Please confirm you intend to make the following modifications:

IAM Statement Changes
┌───┬───────────────┬────────┬───────────────┬───────────────┬────────────────┐
│   │ Resource      │ Effect │ Action        │ Principal     │ Condition      │
├───┼───────────────┼────────┼───────────────┼───────────────┼────────────────┤
│ + │ ${MyFirstQueu │ Allow  │ sqs:SendMessa │ Service:sns.a │ "ArnEquals": { │
│   │ e.Arn}        │        │ ge            │ mazonaws.com  │   "aws:SourceA │
│   │               │        │               │               │ rn": "${MyFirs │
│   │               │        │               │               │ tTopic}"       │
│   │               │        │               │               │ }              │
├───┼───────────────┼────────┼───────────────┼───────────────┼────────────────┤
│ + │ ${MyHelloCons │ Allow  │ s3:GetBucket* │ AWS:${MyUser} │                │
│   │ truct/Bucket- │        │ s3:GetObject* │               │                │
│   │ 0.Arn}        │        │ s3:List*      │               │                │
│   │ ${MyHelloCons │        │               │               │                │
│   │ truct/Bucket- │        │               │               │                │
│   │ 0.Arn}/*      │        │               │               │                │
├───┼───────────────┼────────┼───────────────┼───────────────┼────────────────┤
│ + │ ${MyHelloCons │ Allow  │ s3:GetBucket* │ AWS:${MyUser} │                │
│   │ truct/Bucket- │        │ s3:GetObject* │               │                │
│   │ 1.Arn}        │        │ s3:List*      │               │                │
│   │ ${MyHelloCons │        │               │               │                │
│   │ truct/Bucket- │        │               │               │                │
│   │ 1.Arn}/*      │        │               │               │                │
├───┼───────────────┼────────┼───────────────┼───────────────┼────────────────┤
│ + │ ${MyHelloCons │ Allow  │ s3:GetBucket* │ AWS:${MyUser} │                │
│   │ truct/Bucket- │        │ s3:GetObject* │               │                │
│   │ 2.Arn}        │        │ s3:List*      │               │                │
│   │ ${MyHelloCons │        │               │               │                │
│   │ truct/Bucket- │        │               │               │                │
│   │ 2.Arn}/*      │        │               │               │                │
├───┼───────────────┼────────┼───────────────┼───────────────┼────────────────┤
│ + │ ${MyHelloCons │ Allow  │ s3:GetBucket* │ AWS:${MyUser} │                │
│   │ truct/Bucket- │        │ s3:GetObject* │               │                │
│   │ 3.Arn}        │        │ s3:List*      │               │                │
│   │ ${MyHelloCons │        │               │               │                │
│   │ truct/Bucket- │        │               │               │                │
│   │ 3.Arn}/*      │        │               │               │                │
└───┴───────────────┴────────┴───────────────┴───────────────┴────────────────┘
(NOTE: There may be security-related changes not in this list. See http://bit.ly/cdk-2EhF7Np)
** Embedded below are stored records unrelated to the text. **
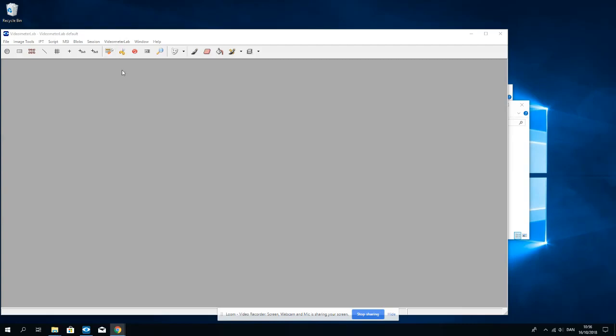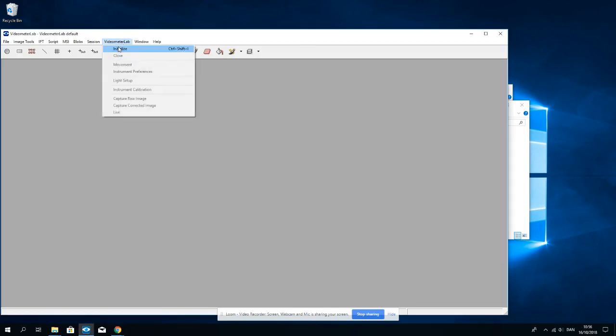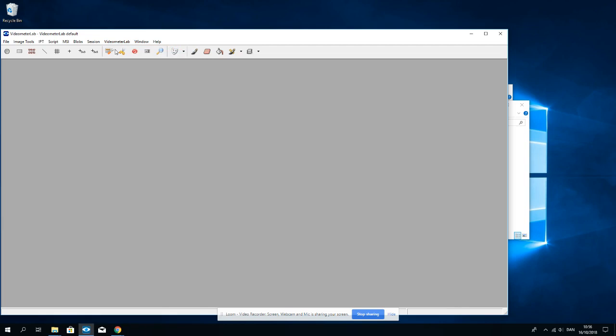I will now show how to capture time sequences of spectral images from the Videometer Lab. So first let's initialize the instrument. It will load the calibration, set up the instrument, and get back to me when it's ready.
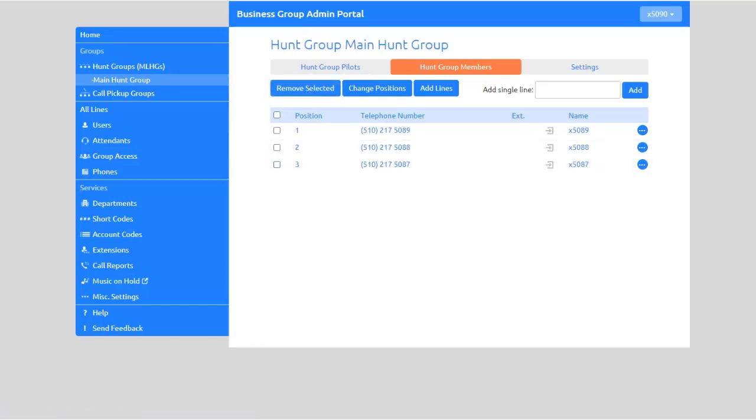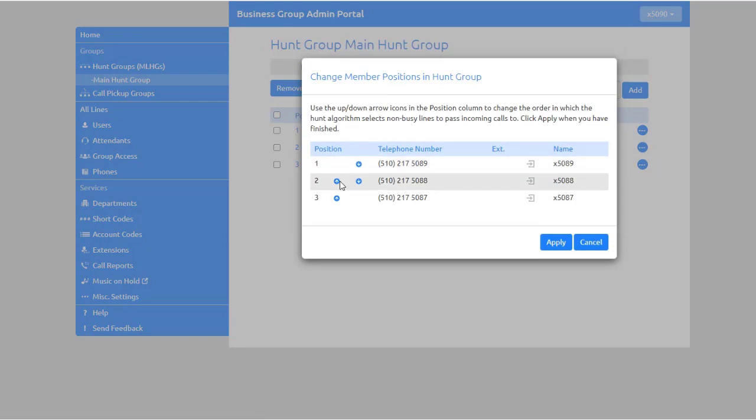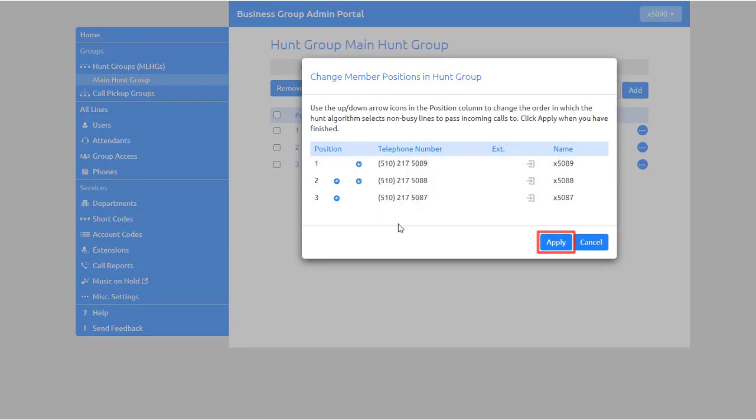To change the positions of the lines in the Hunt Group, select Change Positions. Using the arrows, you can reposition the order of the lines. Click Apply to save your changes.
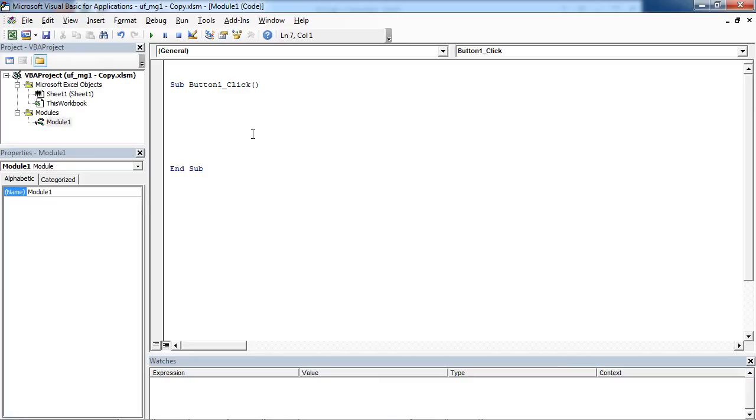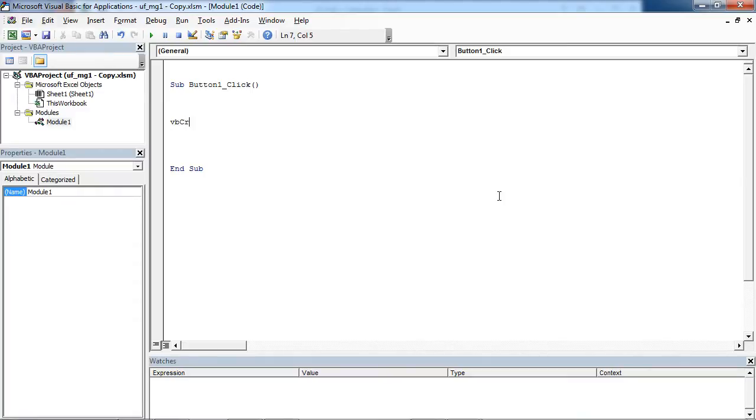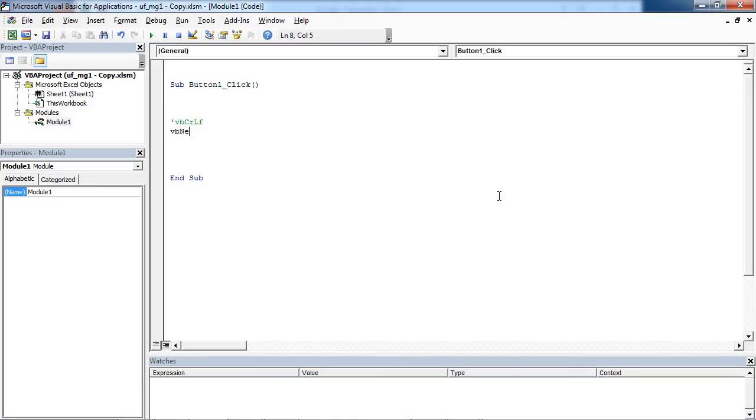Sometimes you may want to show message box text in multiple lines. To do this, you can use one of two constants. One is VBCRLF and the other one is VBNewLine.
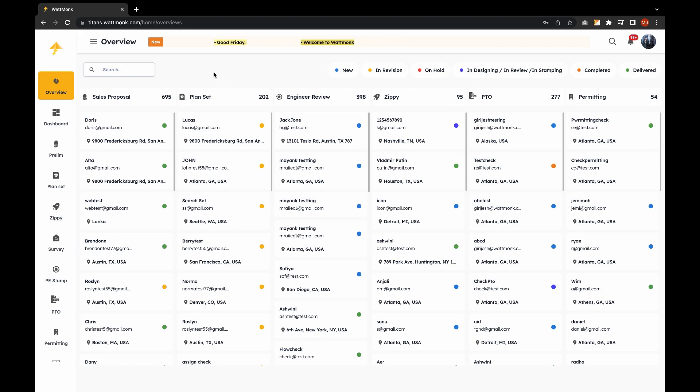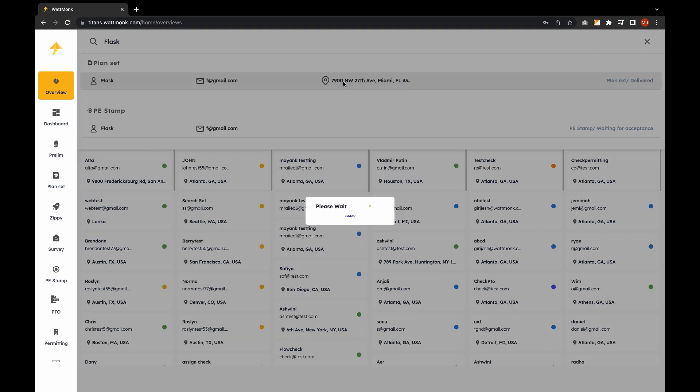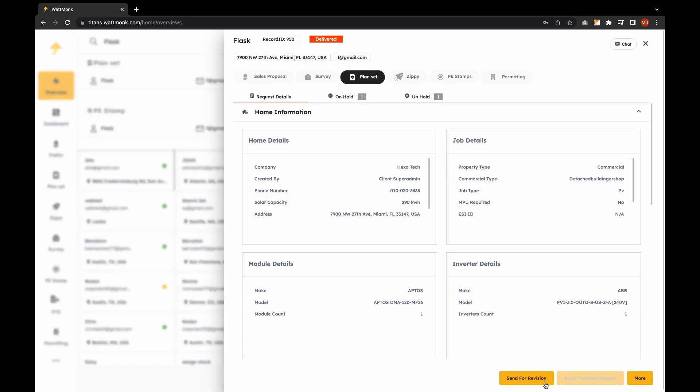Search the project name in the search bar. Open up the job details. Click on the send for revision button.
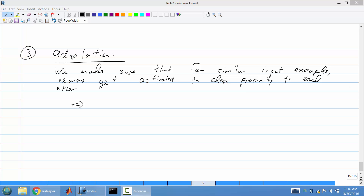I have one more rule to cover, and then I'll lay out the actual algorithm to train a SOM, and then I'll do a small, concrete example. So we talked about cooperative learning, we talked about cooperation, and the last rule we have to take a look at is what's known as adaptation. We make sure that for similar input examples, they should roughly map to the same area in the self-organizing map.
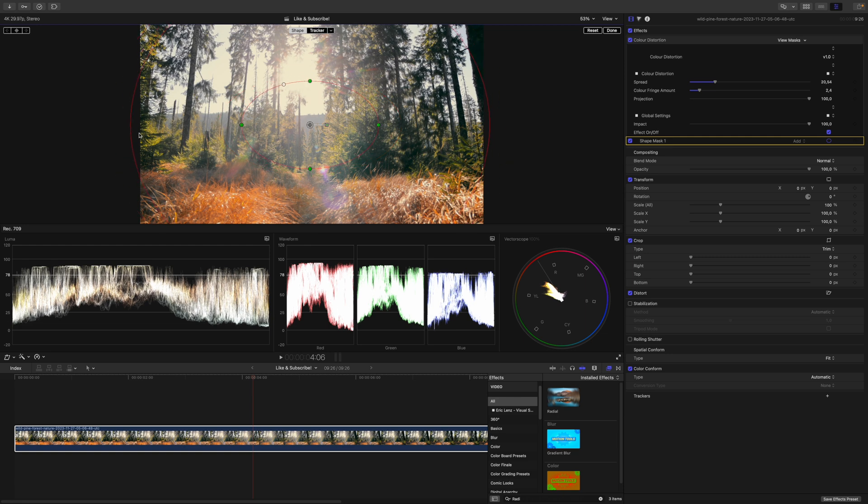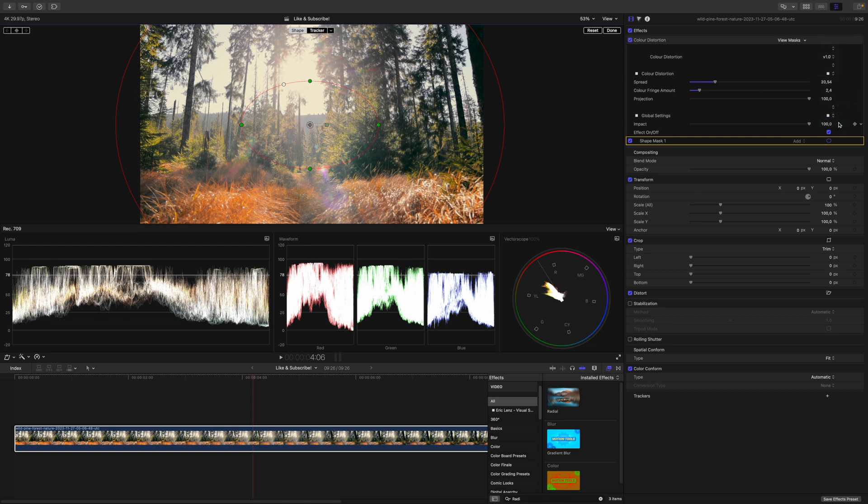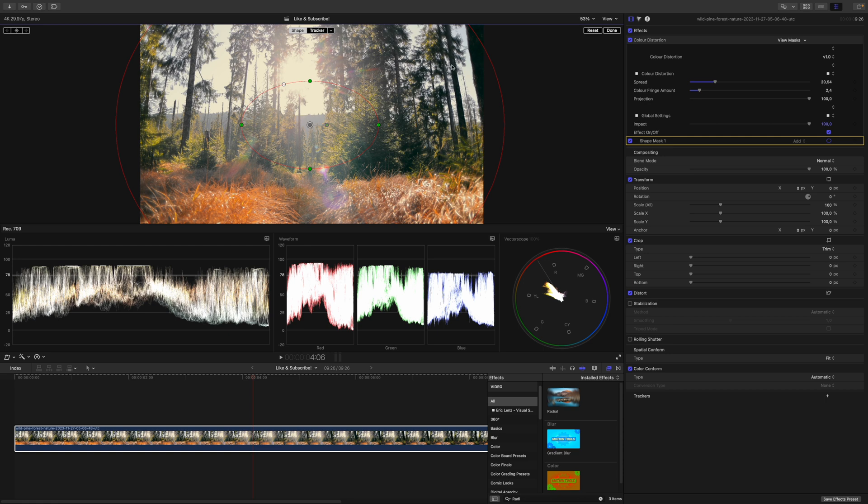Maybe let's make it a little bit smaller again, and like that. Then I go to the drop-down menu and invert the mask. This now means that the color distortion is only applied at the edges of our image.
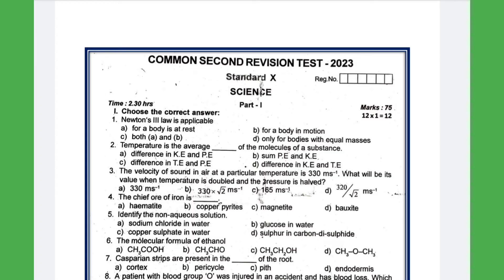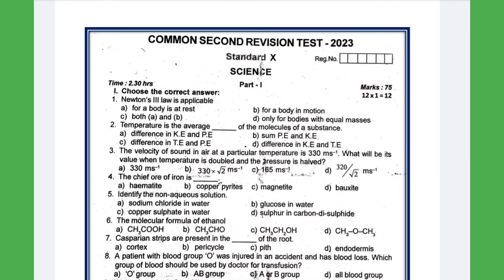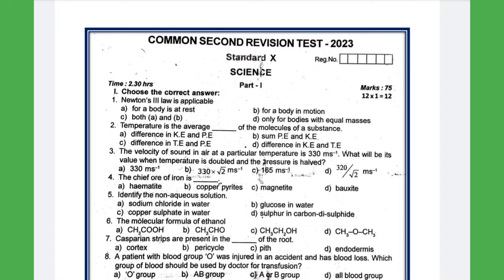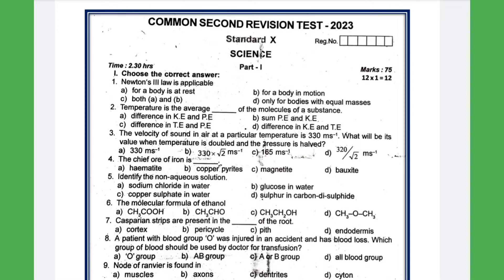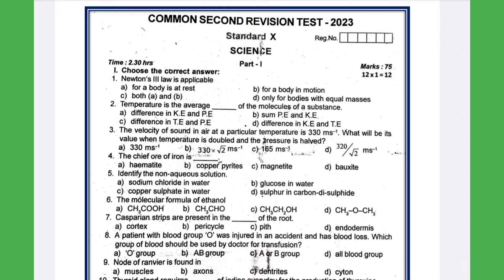Hi guys, this is Govindraaj from Tirupoor. Welcome to our video. Today I'm going to explain one of the most useful and very important question papers — the Common Secondary Vision Test 2023 science question paper. Here is the 10th science blog and reviewed the question paper.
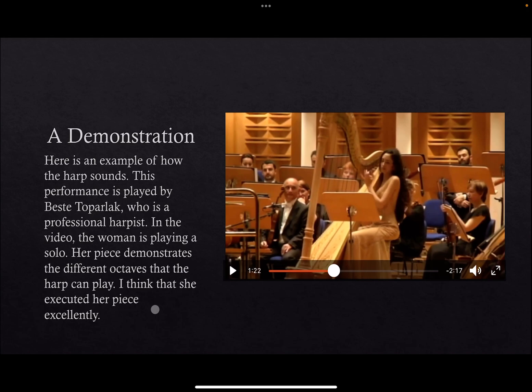This was a minute and twenty seconds of her performance, but her full performance is about three minutes. In the video, the woman is playing a solo. Her piece demonstrates the different octaves that the harp can play. I think that she executed her piece excellently.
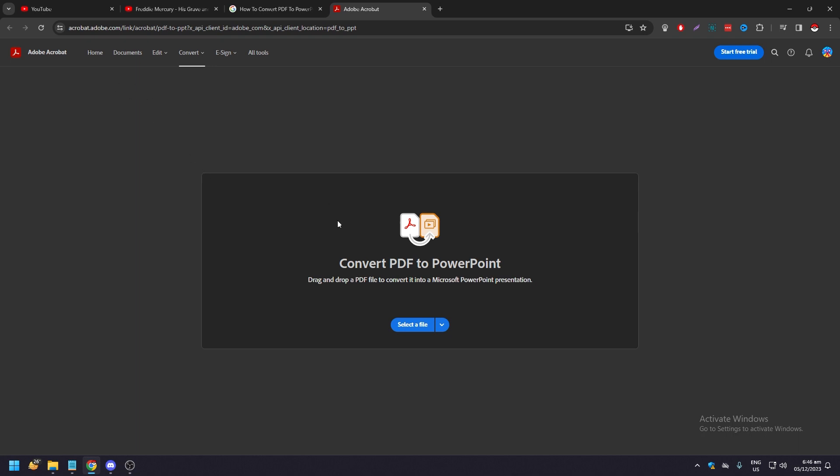They're going to have a convert to PDF PowerPoint section. Drag and drop a PDF and it'll convert into Microsoft PowerPoint presentation. This is for those who don't have Acrobat that can do this, because the free version of Acrobat I think can't, but you need the paid one to do this.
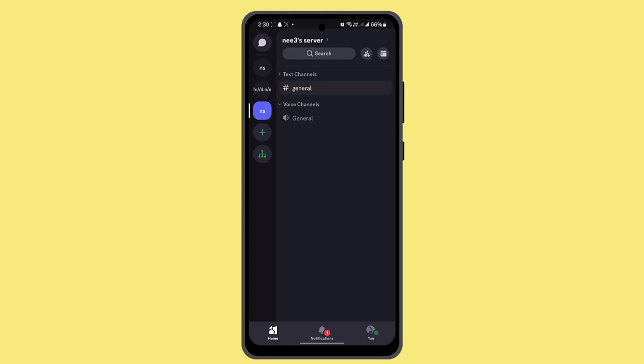Now before deleting a server, you should make sure that you've backed up all the important data. Read through all the warnings and information provided, and be 100% sure you want to delete the server.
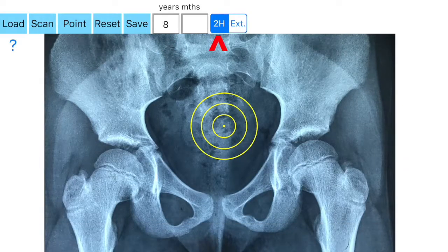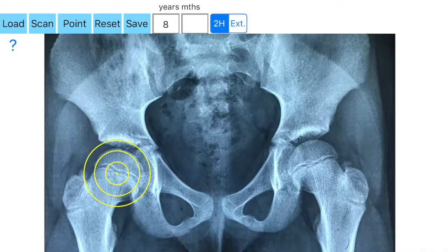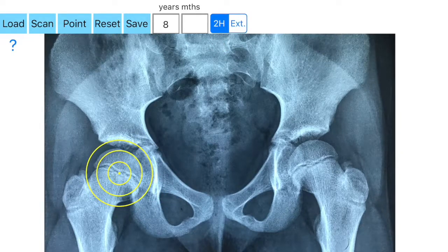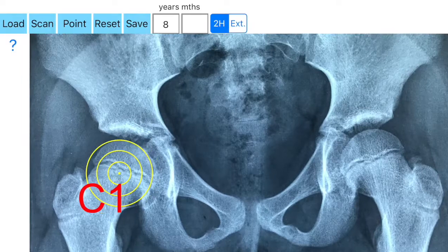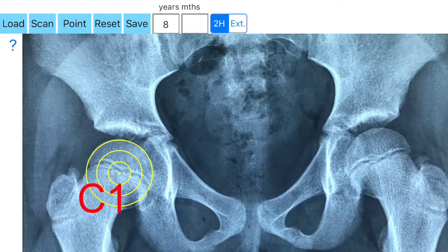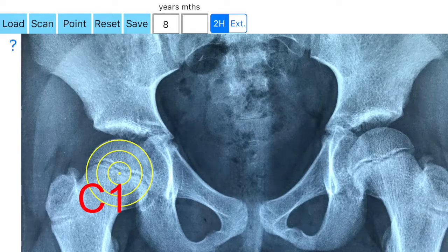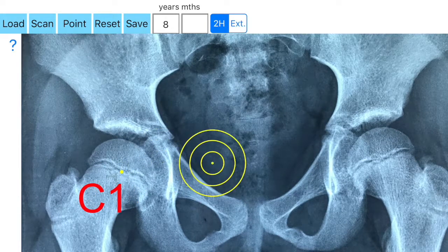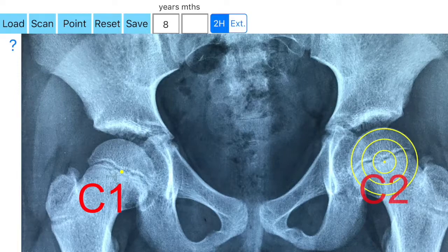Your aim is to locate the first point at the right hip. By clicking the point option, the center of the femoral head is marked and is the first point of measurement, C1 right. By repeating the same task, you locate the center of the left hip, C2 left.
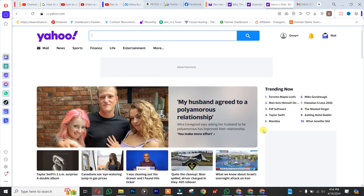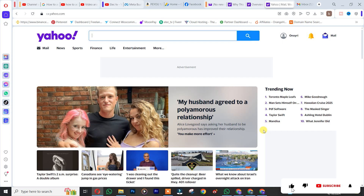Hello guys, in this tutorial I'm going to show you how to delete your Yahoo account. If it's your first time visiting our channel, don't forget to like, subscribe, and share so that you won't miss videos like this.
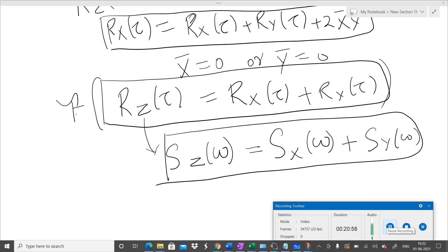So we have covered very important concepts of multiple random processes today. In the next lecture, I will give some examples which will make these concepts more clear. Thank you.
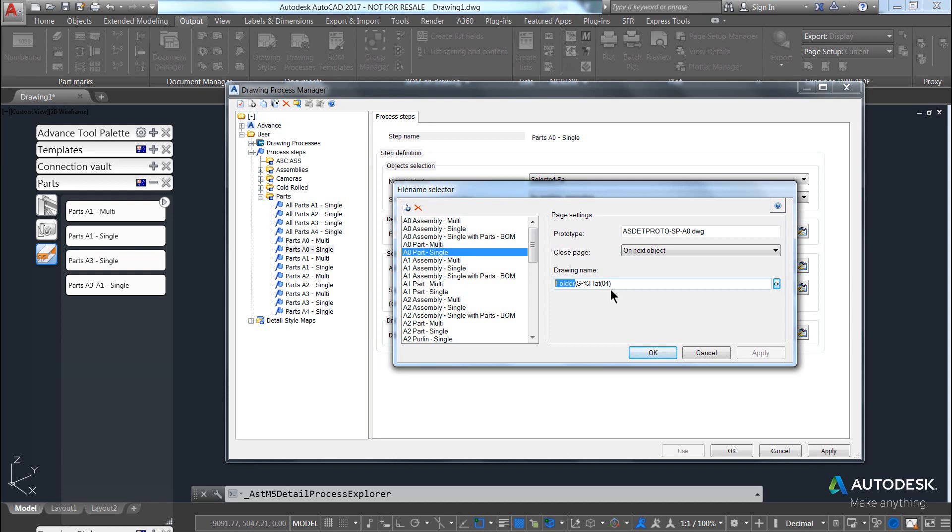So let's say this is, for example, a single part drawing. So maybe I'll make this plate drawings. So create a folder called plate drawings.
Do you wish to deploy these changes (y/n)?

Here, the CDK is telling you about the security-related changes that this deployment includes. It shows you the resources or ARN patterns involved, the actions being granted, and the IAM principals to which the grants apply. You can review these and press y when ready. You then see status reported about the resources being created.

hello-cdk-1: deploying...
hello-cdk-1: creating CloudFormation changeset...
0/12 | 8:41:14 AM | CREATE_IN_PROGRESS | AWS::S3::Bucket | MyHelloConstruct/Bucket-0 (MyHelloConstructBucket0DAEC57E1)
0/12 | 8:41:14 AM | CREATE_IN_PROGRESS | AWS::IAM::User | MyUser (MyUserDC45028B)
0/12 | 8:41:14 AM | CREATE_IN_PROGRESS | AWS::IAM::User | MyUser (MyUserDC45028B) Resource creation Initiated
0/12 | 8:41:15 AM | CREATE_IN_PROGRESS | AWS::CDK::Metadata | CDKMetadata
0/12 | 8:41:15 AM | CREATE_IN_PROGRESS | AWS::S3::Bucket | MyHelloConstruct/Bucket-3 (MyHelloConstructBucket398A5DE67)
0/12 | 8:41:15 AM | CREATE_IN_PROGRESS | AWS::S3::Bucket | MyHelloConstruct/Bucket-1 (MyHelloConstructBucket18D9883BE)
0/12 | 8:41:15 AM | CREATE_IN_PROGRESS | AWS::S3::Bucket | MyHelloConstruct/Bucket-0 (MyHelloConstructBucket0DAEC57E1) Resource creation Initiated
0/12 | 8:41:15 AM | CREATE_IN_PROGRESS | AWS::SQS::Queue | MyFirstQueue (MyFirstQueueFF09316A)
0/12 | 8:41:15 AM | CREATE_IN_PROGRESS | AWS::S3::Bucket | MyHelloConstruct/Bucket-2 (MyHelloConstructBucket2C1DA3656)
0/12 | 8:41:15 AM | CREATE_IN_PROGRESS | AWS::SNS::Topic | MyFirstTopic (MyFirstTopic0ED1F8A4)
0/12 | 8:41:15 AM | CREATE_IN_PROGRESS | AWS::S3::Bucket | MyHelloConstruct/Bucket-3 (MyHelloConstructBucket398A5DE67) Resource creation Initiated
0/12 | 8:41:15 AM | CREATE_IN_PROGRESS | AWS::S3::Bucket | MyHelloConstruct/Bucket-1 (MyHelloConstructBucket18D9883BE) Resource creation Initiated
0/12 | 8:41:15 AM | CREATE_IN_PROGRESS | AWS::SQS::Queue | MyFirstQueue (MyFirstQueueFF09316A) Resource creation Initiated
0/12 | 8:41:16 AM | CREATE_IN_PROGRESS | AWS::SNS::Topic | MyFirstTopic (MyFirstTopic0ED1F8A4) Resource creation Initiated
0/12 | 8:41:16 AM | CREATE_IN_PROGRESS | AWS::S3::Bucket | MyHelloConstruct/Bucket-2 (MyHelloConstructBucket2C1DA3656) Resource creation Initiated
1/12 | 8:41:16 AM | CREATE_COMPLETE | AWS::SQS::Queue | MyFirstQueue (MyFirstQueueFF09316A)
1/12 | 8:41:17 AM | CREATE_IN_PROGRESS | AWS::CDK::Metadata | CDKMetadata Resource creation Initiated
2/12 | 8:41:17 AM | CREATE_COMPLETE | AWS::CDK::Metadata | CDKMetadata
3/12 | 8:41:26 AM | CREATE_COMPLETE | AWS::SNS::Topic | MyFirstTopic (MyFirstTopic0ED1F8A4)
3/12 | 8:41:28 AM | CREATE_IN_PROGRESS | AWS::SNS::Subscription | MyFirstQueue/MyFirstTopicSubscription (MyFirstQueueMyFirstTopicSubscription774591B6)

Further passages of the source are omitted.